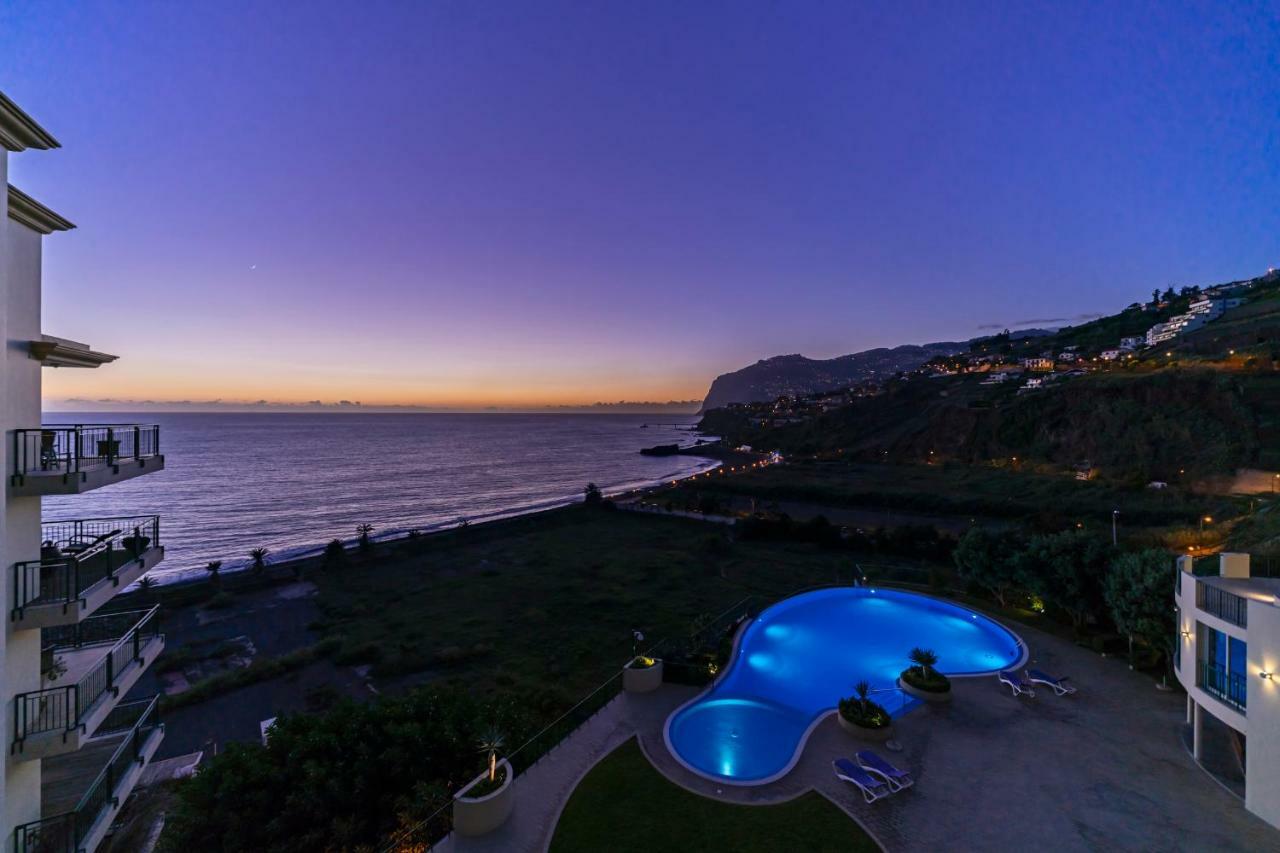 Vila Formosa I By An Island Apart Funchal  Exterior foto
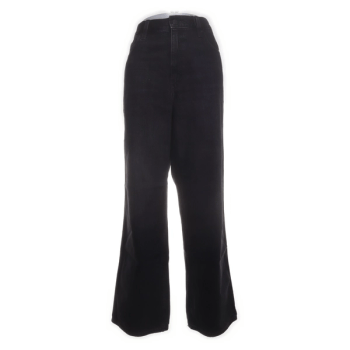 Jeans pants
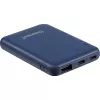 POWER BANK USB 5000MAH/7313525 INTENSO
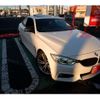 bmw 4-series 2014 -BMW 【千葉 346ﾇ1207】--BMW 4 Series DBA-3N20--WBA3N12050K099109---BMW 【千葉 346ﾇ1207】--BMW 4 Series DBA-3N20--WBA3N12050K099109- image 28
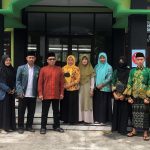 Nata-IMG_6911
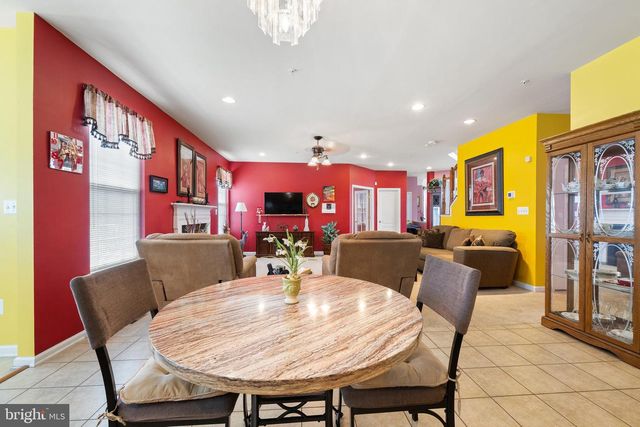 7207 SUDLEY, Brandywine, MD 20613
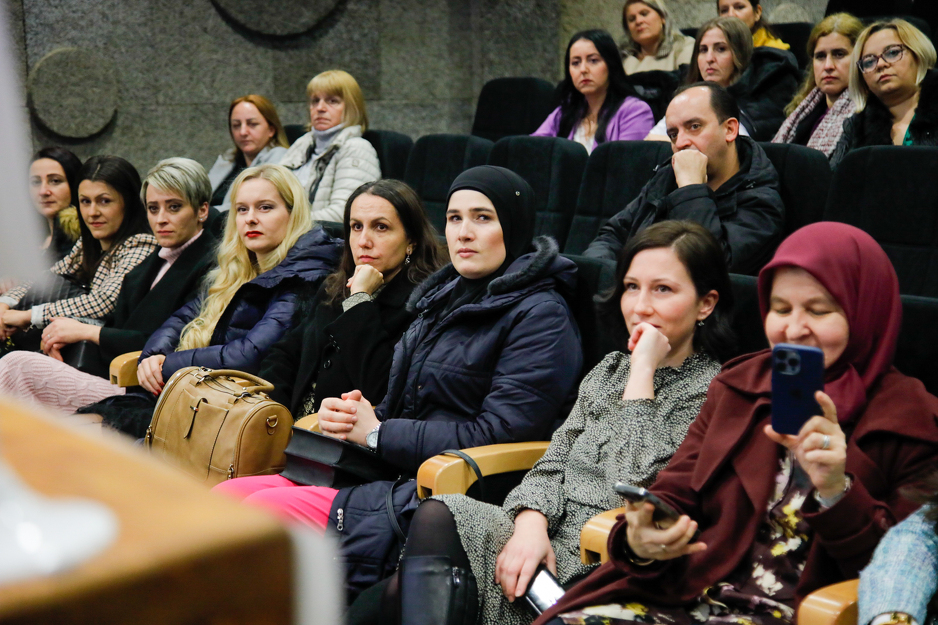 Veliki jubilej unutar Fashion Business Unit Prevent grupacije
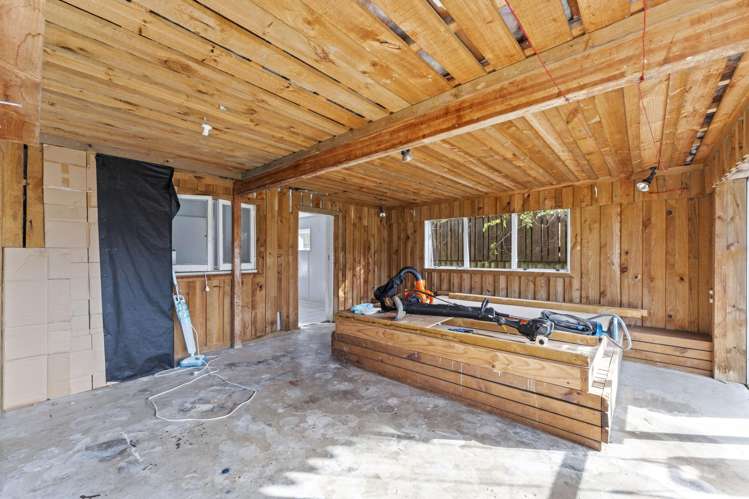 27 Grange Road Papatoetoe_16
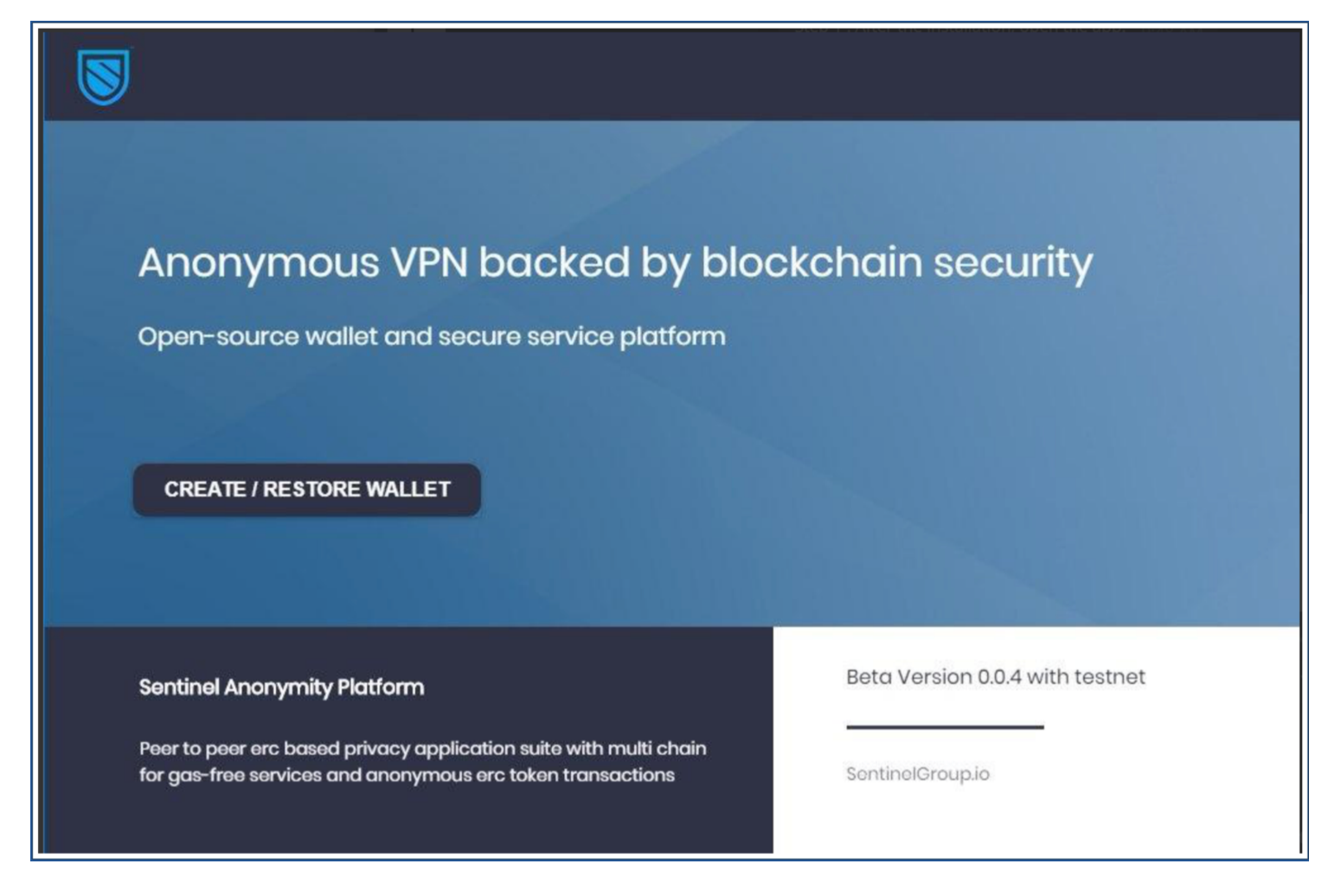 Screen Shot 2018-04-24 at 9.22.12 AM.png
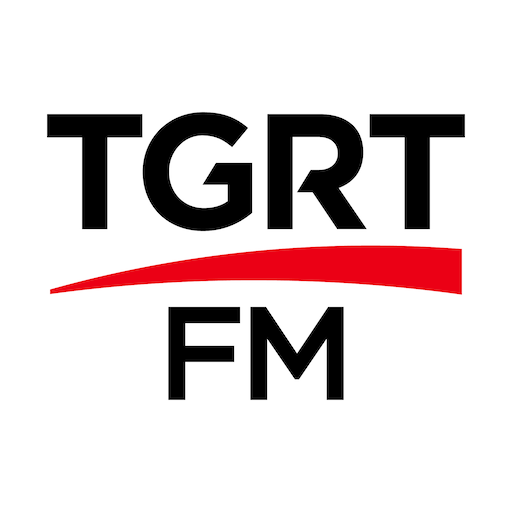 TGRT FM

——

> **What you should do**
Extract exactly the lines above from the line containing "Veliki jubilej unutar" through the last one, both ends included, but not the pictures.

> **Solution to the exercise**
 Veliki jubilej unutar Fashion Business Unit Prevent grupacije
 27 Grange Road Papatoetoe_16
 Screen Shot 2018-04-24 at 9.22.12 AM.png
 TGRT FM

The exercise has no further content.